# [EXTRACTED RECORDS]
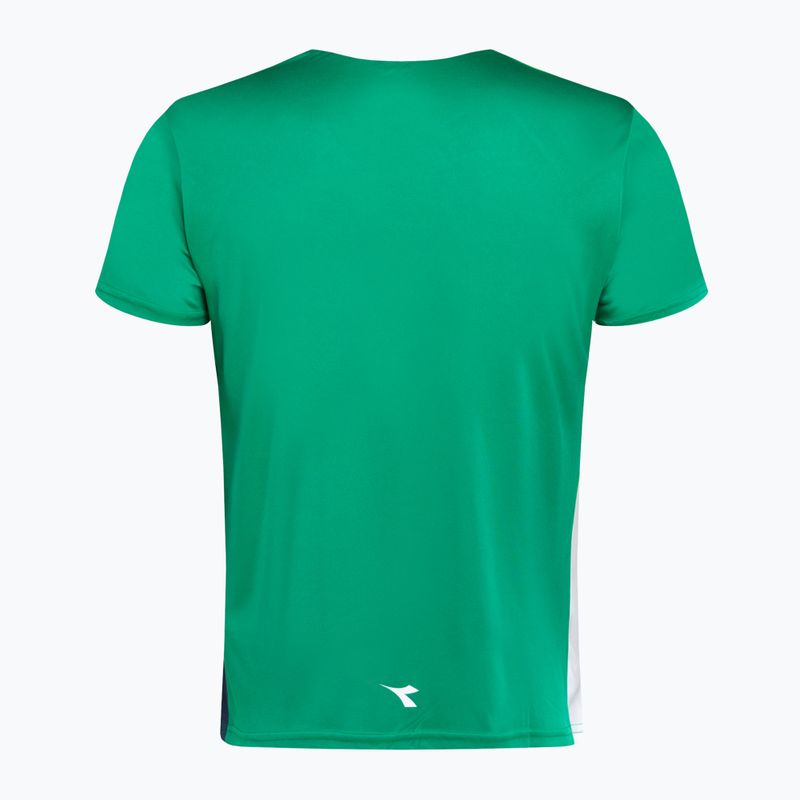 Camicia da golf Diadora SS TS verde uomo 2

...

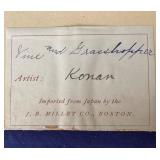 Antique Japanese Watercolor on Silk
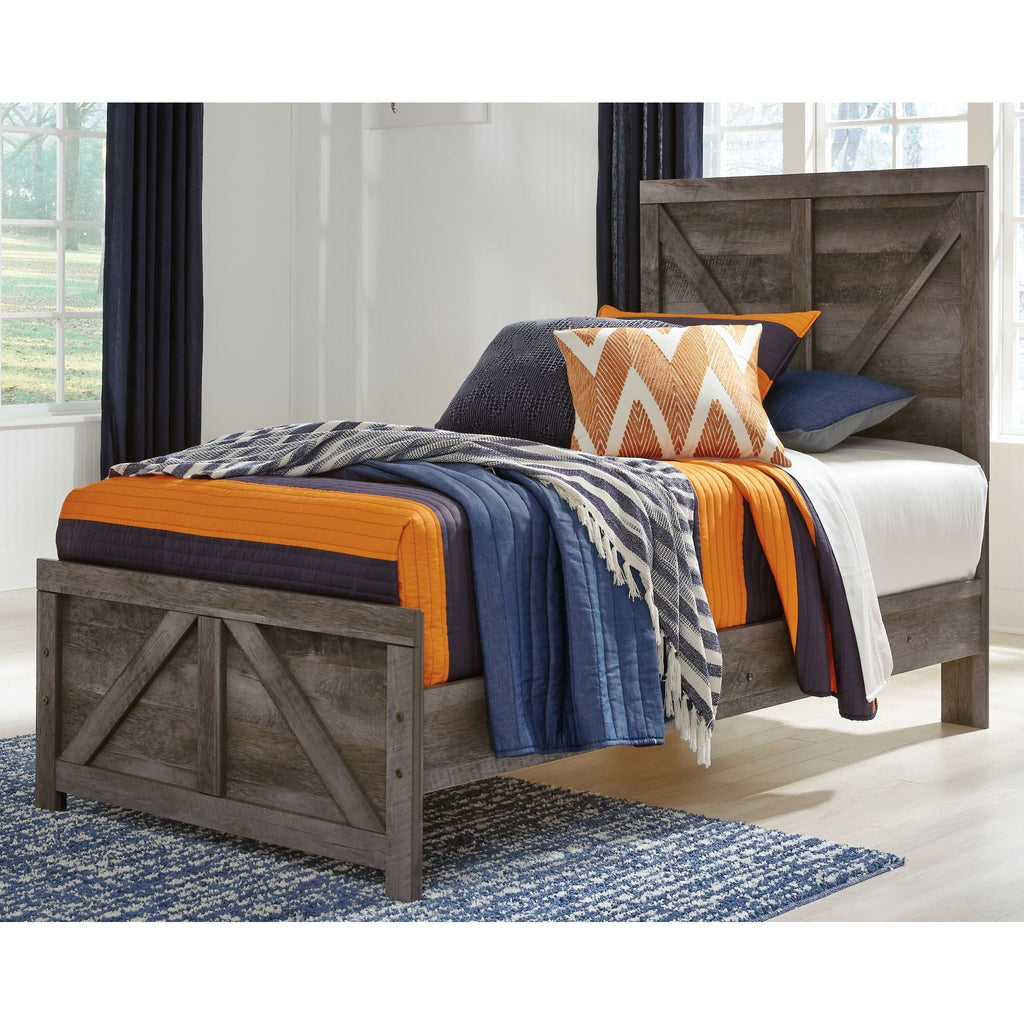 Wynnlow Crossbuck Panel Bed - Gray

# [PROBLEM DESCRIPTION]
In the data above, start at the line holding "Antique Japanese Watercolor on Silk" and stop after the line holding "Wynnlow Crossbuck Panel Bed - Gray"; write out those lines exactly, without pictures.

# [ANSWER TO THE EXERCISE]
 Antique Japanese Watercolor on Silk
 Wynnlow Crossbuck Panel Bed - Gray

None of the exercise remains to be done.